Tales son, queridos hermanos espíritas, los consejos que tengo que daros. La confianza que habéis depositado en mí es una garantía de que ellos obtendrán frutos provechosos. Los buenos Espíritus que os asisten os dicen cada día lo mismo, pero consideré un deber exponeros estas advertencias en conjunto, de modo que sus consecuencias se destaquen mejor. Vengo, pues, en nombre de ellos a recordaros la práctica de la gran ley del amor y de la fraternidad, que pronto deberá regir al mundo y hacer que en él reinen la paz y la concordia, bajo el estandarte de la caridad hacia todos, sin exclusión de sectas, castas ni colores.
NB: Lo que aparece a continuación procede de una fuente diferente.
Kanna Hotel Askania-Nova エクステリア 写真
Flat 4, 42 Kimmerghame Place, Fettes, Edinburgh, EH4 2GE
Con esta bandera el Espiritismo será el lazo de unión que reunirá a los hombres divididos por las creencias y los prejuicios mundanos. Derribará la más poderosa barrera que separa a los pueblos: el antagonismo de las nacionalidades. A la sombra de esa bandera, que constituirá su punto de reunión, los hombres se habituarán a tener por hermanos a aquellos a quienes veían como enemigos. Pero hasta entonces bastantes luchas habrá, puesto que el mal no suelta fácilmente su presa y los intereses materiales son tenaces. No cabe duda de que no veréis vosotros con los ojos del cuerpo la realización de esa obra, a la cual cooperáis, a pesar de que ese momento no se halla muy lejos. Los primeros años del siglo venidero deberán preanunciar esa era nueva que se está gestando en el ocaso de ésta que hoy vivimos. Pero disfrutaréis con los ojos del Espíritu el bien que hubiereis hecho, así como los mártires del Cristianismo se regocijaban contemplando los frutos de su sangre derramada. ¡Valor y perseverancia! No os echéis atrás ante los obstáculos. El campo no se vuelve fértil sin la dádiva del esfuerzo sudoroso. De la manera que el padre, aun en el atardecer de la vida, construye el hogar que proveerá abrigo a sus hijos, así también creed que estáis construyendo, para las generaciones por venir, un templo a la fraternidad universal en el que las únicas víctimas inmoladas serán el egoísmo, el orgullo y todas las pasiones viles que a la humanidad ensangrentaron.